Stefan Müller's book is an important and ambitious contribution to the growing body of work on complex predicates in theoretical linguistics. He investigates a range of syntactic phenomena in German, among them verbal complexes, passive constructions, subject and object predicatives, depictive secondary predicates, resultative secondary predicates, and particle verbs. For each of these phenomena, M provides a detailed empirical discussion aimed at showcasing why the phenomenon is best analyzed as a complex predicate. The framework in which the resulting theory of complex predicates is formulated is head-driven phrase structure grammar (HPSG, Pollard & Sag 1994), a framework that is well suited for formalizing comprehensive linguistic proposals in a way making verifiable empirical predictions. The book is transparently organized [End Page 888] and includes a brief introduction to the relevant aspects of the HPSG framework, which makes the linguistic analyses presented in the book accessible to a general linguistic audience.

A feature of the book that sets it apart from other theoretical linguistic discussions of complex predicates is the extensive use of naturally occurring data. The examples characterizing the phenomena and showcasing specific analytical issues are for the most part drawn from the German newspaper Taz, die tageszeitung, as well as from various other corpora, including the COSMAS corpus of the Institut für Deutsche Sprache (IDS). While the use of real-life corpus data for syntactic research has clear advantages (cf. Meurers 2005, Meurers & Müller 2008), such as providing access to rich variation in potentially relevant language properties, it also points to one potential weakness of the presentation in this book. While M provides translations for all of the German example sentences, word-by-word glossing and detailed example discussions are only provided for selected, shorter examples. To be able to make full use of the corpus examples, to identify where exactly they illustrate which linguistic issue, readers thus need a working knowledge of German.

Turning to the overview of the book, Ch. 1, 'Background: The German sentence structure and its HPSG analysis', contains the already-mentioned introduction to the key concepts of the HPSG framework, with specific attention to the comprehensive HPSG fragment for German developed in Müller 1999. The chapter focuses on how different types of phrases are licensed, before turning to aspects specific to licensing the sentence types of German (verb-final vs. verb-initial and verb-second). It also includes excursions into related topics, such as the theory of case assignment and the underlying order of arguments in verbal projections.

Ch. 2, 'The predicate complex, control, and raising', provides an introduction to the core analytical issues in complex predicate phenomena. While the book unfortunately does not contain a concise characterization of what the author considers the defining properties of complex predicates, Ch. 2 gives the reader a general idea by discussing the key properties of the German verbal complex.
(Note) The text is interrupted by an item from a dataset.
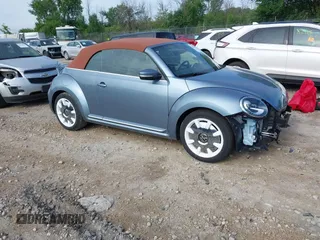 2019 Volkswagen Beetle S with VIN 3VW5DAAT1KM505762, listed as a IAAI auction lot 42636158 with 29,900 mi miles and . Bid and sale history available at DreamBid. Image 1.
Based on the lexical distinctions pioneered by Bech (1955), M analyzes coherently constructing verbs as forming a head cluster consisting only of the verb and the head of its verbal complement. This complex predicate then combines with the other arguments of the two heads. Inspired by analyses in categorial grammar, Hinrichs and Nakazawa (1989) proposed to license such head cluster formation by specifying the lexical entries of coherent verbs to raise the arguments of their verbal complement. This general argument-raising analysis has been successfully applied to a wide range of phenomena, from restructuring verbs in Romance (Monachesi 1999, Abeillé & Godard 2002) to partial constituent fronting in German (De Kuthy & Meurers 2001). In this book M shows how to extend the analytical reach of argument raising as a lexical specification to additional phenomena, all of whichMthus includes under the heading of complex predicates and discusses in the following chapters.

Ch. 3 discusses passive constructions in German, which M analyzes as a complex predicate consisting of a participle and a passive auxiliary. Viewed in terms of the argument...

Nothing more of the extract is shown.